A key political problem with the initial NSO estimate was that it would have formed a base pushing the debt to GDP ratio above the legal limit of 35% (to 37% in 2016 according to the IMF’s 2018 Article IV report). The new NSO numbers conveniently keep debt to GDP below this number at 34% in 2016, only slightly higher than the government’s preferred number of 32%.

B. Are PNG’s statistics still corrupted? – Unfortunately, Yes.

My analysis of PNG’s statistics over recent years led me to the conclusion that they were being increasingly used to tell a convenient story for the government rather than the best measurement actually available (see four articles covering this issue here and here and here and here). With a misleading explanation about why the initial 2015 GDP numbers may have issues, the continuing delay, and indications that the Australian Bureau of Statistics had walked away from providing assistance, the call was made that PNG’s economic statistics were corrupted.

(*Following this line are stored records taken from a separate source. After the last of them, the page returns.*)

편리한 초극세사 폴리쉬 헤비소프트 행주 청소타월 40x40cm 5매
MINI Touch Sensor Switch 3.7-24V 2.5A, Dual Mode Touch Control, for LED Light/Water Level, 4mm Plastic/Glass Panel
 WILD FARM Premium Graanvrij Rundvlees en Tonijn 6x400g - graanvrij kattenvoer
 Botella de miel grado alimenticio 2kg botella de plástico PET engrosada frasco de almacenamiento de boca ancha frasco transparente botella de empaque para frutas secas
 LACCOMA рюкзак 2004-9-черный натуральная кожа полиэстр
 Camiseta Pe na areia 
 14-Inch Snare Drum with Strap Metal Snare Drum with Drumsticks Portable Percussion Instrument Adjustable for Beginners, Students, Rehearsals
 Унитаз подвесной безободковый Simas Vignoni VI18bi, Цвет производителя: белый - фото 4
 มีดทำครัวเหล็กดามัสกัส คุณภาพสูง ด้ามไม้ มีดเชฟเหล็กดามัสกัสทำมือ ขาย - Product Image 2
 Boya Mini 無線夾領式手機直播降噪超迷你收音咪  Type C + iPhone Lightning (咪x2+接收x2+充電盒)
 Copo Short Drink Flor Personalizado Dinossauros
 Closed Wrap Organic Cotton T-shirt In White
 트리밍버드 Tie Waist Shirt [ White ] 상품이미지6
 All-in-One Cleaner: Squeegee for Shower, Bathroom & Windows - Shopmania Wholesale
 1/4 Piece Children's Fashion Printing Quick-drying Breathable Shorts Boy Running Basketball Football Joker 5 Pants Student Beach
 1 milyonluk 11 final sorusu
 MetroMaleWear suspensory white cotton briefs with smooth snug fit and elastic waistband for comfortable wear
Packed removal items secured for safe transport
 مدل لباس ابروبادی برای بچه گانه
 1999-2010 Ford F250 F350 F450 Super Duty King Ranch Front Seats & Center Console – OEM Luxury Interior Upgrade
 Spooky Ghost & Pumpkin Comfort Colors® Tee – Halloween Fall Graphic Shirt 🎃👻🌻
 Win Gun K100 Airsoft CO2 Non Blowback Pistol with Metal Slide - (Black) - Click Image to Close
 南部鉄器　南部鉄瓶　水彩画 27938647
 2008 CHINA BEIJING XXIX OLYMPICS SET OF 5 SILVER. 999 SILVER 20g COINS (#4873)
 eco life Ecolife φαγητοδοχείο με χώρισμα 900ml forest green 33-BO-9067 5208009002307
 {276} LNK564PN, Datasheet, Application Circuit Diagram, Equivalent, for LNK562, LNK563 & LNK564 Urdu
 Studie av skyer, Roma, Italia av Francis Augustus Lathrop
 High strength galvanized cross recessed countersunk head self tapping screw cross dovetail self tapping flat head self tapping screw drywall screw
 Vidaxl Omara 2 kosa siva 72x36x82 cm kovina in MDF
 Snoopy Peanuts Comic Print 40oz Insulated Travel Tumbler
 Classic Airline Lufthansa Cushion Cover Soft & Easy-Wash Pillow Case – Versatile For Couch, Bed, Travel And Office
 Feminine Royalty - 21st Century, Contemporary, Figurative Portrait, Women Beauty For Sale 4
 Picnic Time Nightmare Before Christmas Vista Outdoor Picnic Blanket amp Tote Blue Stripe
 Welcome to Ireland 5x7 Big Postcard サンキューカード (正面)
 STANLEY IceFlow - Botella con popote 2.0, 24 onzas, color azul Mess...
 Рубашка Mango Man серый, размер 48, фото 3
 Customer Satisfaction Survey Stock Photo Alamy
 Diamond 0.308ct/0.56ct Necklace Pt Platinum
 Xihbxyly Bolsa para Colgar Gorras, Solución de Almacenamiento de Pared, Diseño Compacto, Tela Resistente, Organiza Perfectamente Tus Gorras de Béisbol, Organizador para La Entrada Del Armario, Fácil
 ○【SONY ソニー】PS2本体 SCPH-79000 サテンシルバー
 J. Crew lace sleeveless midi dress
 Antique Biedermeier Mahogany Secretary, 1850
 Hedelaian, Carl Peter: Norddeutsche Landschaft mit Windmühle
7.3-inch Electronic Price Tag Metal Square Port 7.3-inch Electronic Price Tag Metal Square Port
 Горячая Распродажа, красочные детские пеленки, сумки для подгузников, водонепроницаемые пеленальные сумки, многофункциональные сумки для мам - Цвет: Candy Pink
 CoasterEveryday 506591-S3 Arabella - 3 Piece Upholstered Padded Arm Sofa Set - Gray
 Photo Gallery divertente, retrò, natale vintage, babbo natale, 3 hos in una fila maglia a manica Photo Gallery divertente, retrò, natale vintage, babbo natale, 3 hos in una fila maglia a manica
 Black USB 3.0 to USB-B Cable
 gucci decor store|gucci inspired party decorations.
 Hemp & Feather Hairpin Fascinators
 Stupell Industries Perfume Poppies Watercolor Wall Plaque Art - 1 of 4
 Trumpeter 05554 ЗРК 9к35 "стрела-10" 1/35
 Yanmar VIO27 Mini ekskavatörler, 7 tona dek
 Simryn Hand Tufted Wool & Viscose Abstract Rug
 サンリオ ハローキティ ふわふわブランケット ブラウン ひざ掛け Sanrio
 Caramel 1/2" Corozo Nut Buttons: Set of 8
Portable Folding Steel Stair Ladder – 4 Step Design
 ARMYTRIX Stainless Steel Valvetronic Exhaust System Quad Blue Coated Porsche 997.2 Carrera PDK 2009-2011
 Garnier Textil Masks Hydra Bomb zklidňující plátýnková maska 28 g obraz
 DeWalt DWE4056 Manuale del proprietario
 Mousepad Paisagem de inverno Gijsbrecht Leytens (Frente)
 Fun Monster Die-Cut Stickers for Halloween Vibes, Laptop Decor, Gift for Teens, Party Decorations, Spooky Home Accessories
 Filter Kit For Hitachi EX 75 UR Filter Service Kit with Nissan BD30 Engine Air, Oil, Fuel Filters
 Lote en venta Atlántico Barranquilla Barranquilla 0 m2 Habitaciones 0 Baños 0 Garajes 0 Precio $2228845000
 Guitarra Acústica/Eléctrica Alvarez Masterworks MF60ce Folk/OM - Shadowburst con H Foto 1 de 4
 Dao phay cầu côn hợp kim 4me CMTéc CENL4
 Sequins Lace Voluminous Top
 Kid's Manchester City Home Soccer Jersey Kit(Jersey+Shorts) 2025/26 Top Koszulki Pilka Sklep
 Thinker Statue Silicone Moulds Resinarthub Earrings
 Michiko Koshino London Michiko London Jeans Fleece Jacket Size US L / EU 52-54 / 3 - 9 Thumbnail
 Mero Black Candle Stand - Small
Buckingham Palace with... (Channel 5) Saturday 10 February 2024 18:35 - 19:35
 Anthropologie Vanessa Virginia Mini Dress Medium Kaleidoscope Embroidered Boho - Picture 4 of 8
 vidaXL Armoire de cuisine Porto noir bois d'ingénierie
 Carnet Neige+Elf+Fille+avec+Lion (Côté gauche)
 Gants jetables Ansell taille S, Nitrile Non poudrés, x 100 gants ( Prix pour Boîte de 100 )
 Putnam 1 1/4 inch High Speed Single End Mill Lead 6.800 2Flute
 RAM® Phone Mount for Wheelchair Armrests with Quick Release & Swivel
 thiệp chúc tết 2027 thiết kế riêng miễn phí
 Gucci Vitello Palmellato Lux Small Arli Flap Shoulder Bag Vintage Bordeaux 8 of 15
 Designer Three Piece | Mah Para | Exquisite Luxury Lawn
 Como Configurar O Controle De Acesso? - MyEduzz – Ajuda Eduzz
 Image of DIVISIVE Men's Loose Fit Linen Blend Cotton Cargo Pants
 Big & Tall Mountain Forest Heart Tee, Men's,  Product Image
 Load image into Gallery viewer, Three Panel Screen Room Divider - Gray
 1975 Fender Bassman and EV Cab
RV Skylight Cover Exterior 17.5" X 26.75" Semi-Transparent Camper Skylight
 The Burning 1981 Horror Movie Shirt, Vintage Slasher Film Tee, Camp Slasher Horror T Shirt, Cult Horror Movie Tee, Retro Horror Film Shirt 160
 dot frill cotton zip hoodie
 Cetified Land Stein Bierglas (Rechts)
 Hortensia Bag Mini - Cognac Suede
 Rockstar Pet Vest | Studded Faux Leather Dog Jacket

While there is no doubt the front section of the latest NSO release tried to provide a comprehensive 3-page statistical explanation for the difference between the initial 2015 figures and the higher ones now produced by the NSO, and this extra transparency is to be encouraged, my detailed analysis can only conclude that there are still so many errors and inconsistencies that even the latest release cannot be trusted. Going through the errors, some are clearly just careless mistakes. But others suggest an on-going systematic attempt to inflate the GDP figures to meet the political agenda of having higher GDP growth estimates and keeping the debt to GDP ratio below 35%. Yet numbers perversely not on the political radar are allowed to slip through.

The NSO GDP outcomes conveniently ensure that the debt to GDP ratio does not increase above the legislative limit of 35%. On the new NSO figures, this ratio peaked in 2016 and then using Treasury GDP growth estimates thereafter, they are likely to continue falling. This is in contrast to the estimates used by the IMF in its Article IV survey of the PNG economy which showed a pattern of on-going breaches.

The latter part of this analysis goes into considerable depth to justify the argument that PNG’s economic statistics remain corrupted. The key concern is that a comparison of the earlier 2014 figures with the new 2014 figures shows that the NSO fails to justify the nearly K1.5 billion increase in estimated constant price GDP in 2014. There are discrepancies in 18 of the 20 line items covering the constant price estimate (shown in yellow in the detailed tables below) – an extraordinary error rate between the actual changes in the figures and the explanations. Such a detailed comparison cannot be made for the 2015 figures. However, there are patterns within those numbers that also are entirely inconsistent. The explanation for the change in the resource sector actually makes good sense (need to reduce the estimate of intermediate petroleum consumption), but it is implemented in a clumsy and potentially manipulated way. The explanation for movements in the resource sector in 2016 are also internally inconsistent. The details for this analysis are provided at the end of this document – but beware, it includes lots of analysis and detail!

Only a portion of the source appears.